DIGITAL PLATFORMS AND MEDIA INDUSTRIES/DIGITAL PLATFORMS AS MEDIA INDUSTRIES

Stuart Cunningham1, Terry Flew1, Fiona Martin2, Amanda Lotz1, Ramon Lobato3, David Craig4, Junyi Lv4

1Queensland University of Technology, Australia; 2University of Sydney; 3RMIT Univerity; 4University of Southern California

There is a growing debate worldwide about the impact of content distribution through digital platforms on traditional media industries. This is a ramifying debate, which started with societal concerns (privacy, cyberbullying, hate speech) and then developed around competition issues (Google’s capacity in search for opaque algorithms to unfairly preference certain products and services, Google and Facebook’s dominance in most developed advertising markets). Equally, cultural identity and cultural industry questions have come to the fore around the need for major global PGC (professionally-generated content) streaming services, such as Netflix and Amazon Prime, to meet expectations to support and profile local content in specific markets. Most recently, the emerging awareness of foreign influence on the 2016 US Presidential campaign, Cambridge Analytica, fake news and the collapse of journalism’s business model have brought critical attention to public interest/infosphere issues.
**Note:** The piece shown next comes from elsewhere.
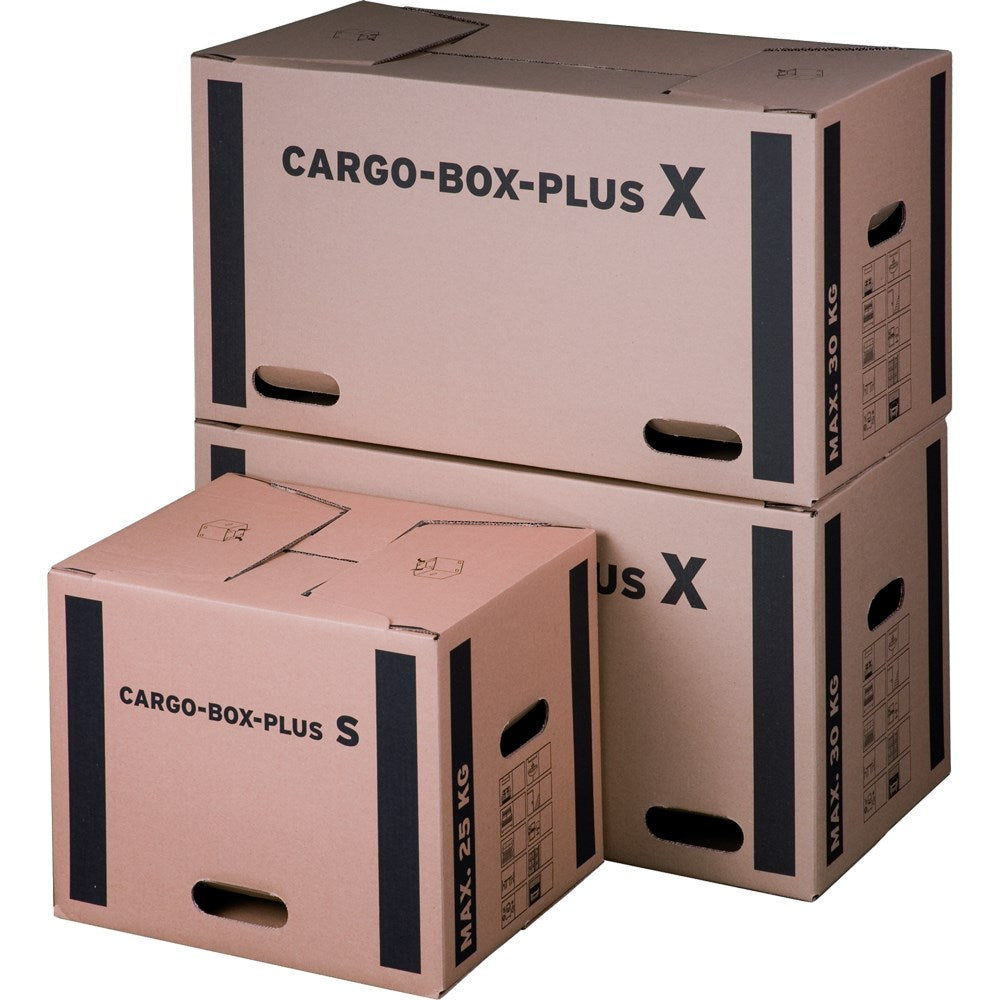 CargoBox plus S, 400x320x320mm wiederverschließbar, braun, doppelwellig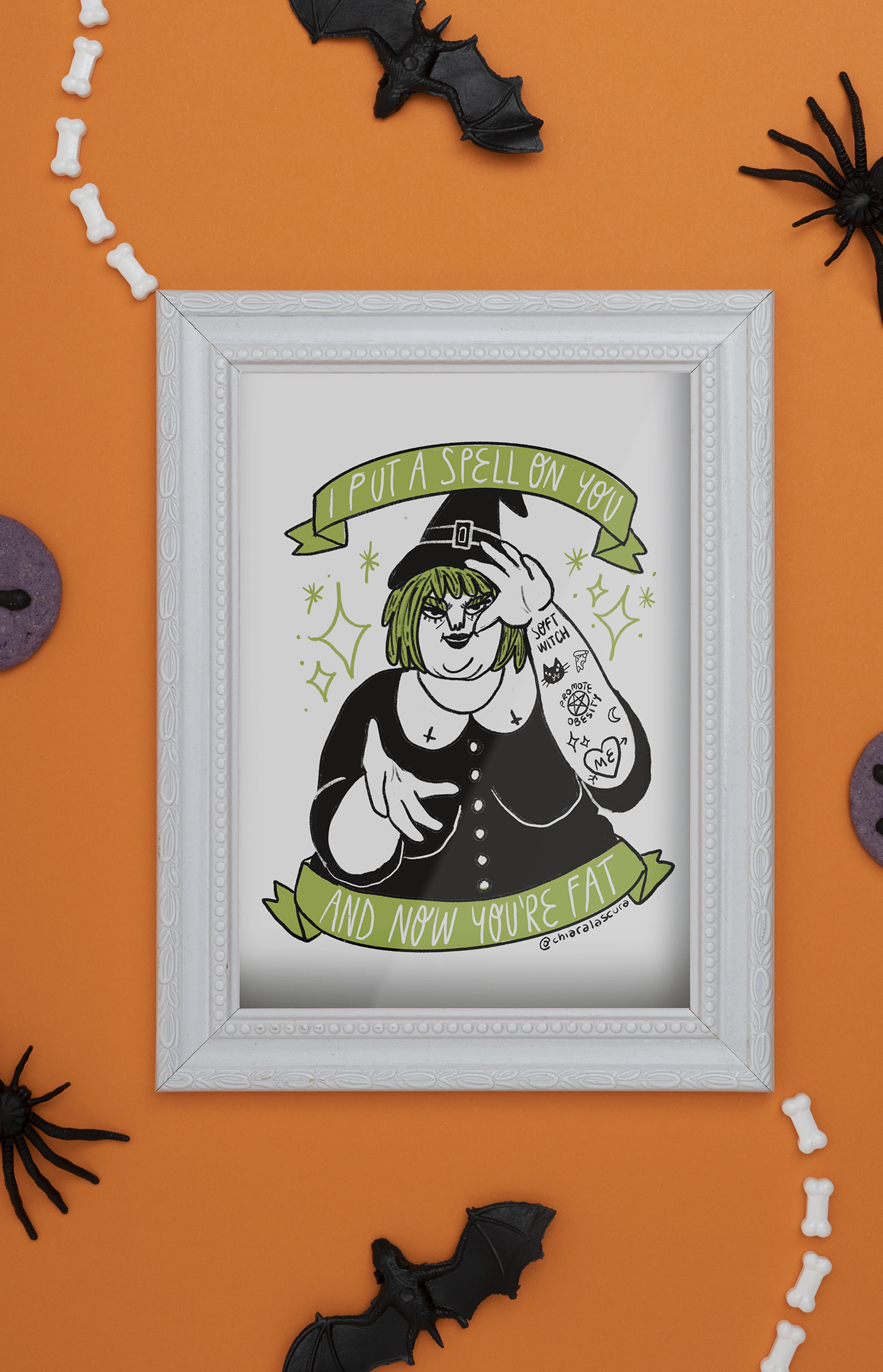 Art print - My girlfriend is a witch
These overlapping issues are now contemporary to each other and often competing for policy prioritization. The rationale for this panel is that despite, or rather because of, this complexity, it is imperative that scholars develop a cohering conceptual framework within which this complex range of pressing policy issues can be addressed. Common threads across these issues include: how are digital and global players, mostly now beyond the reach of established broadcasting regulation, to be addressed by contemporized national policies? How can opaque governance and business practices of the platforms be opened up to greater scrutiny and accountability? How can platforms be encouraged, or regulated, to contribute to sustainable local and national content and capacity?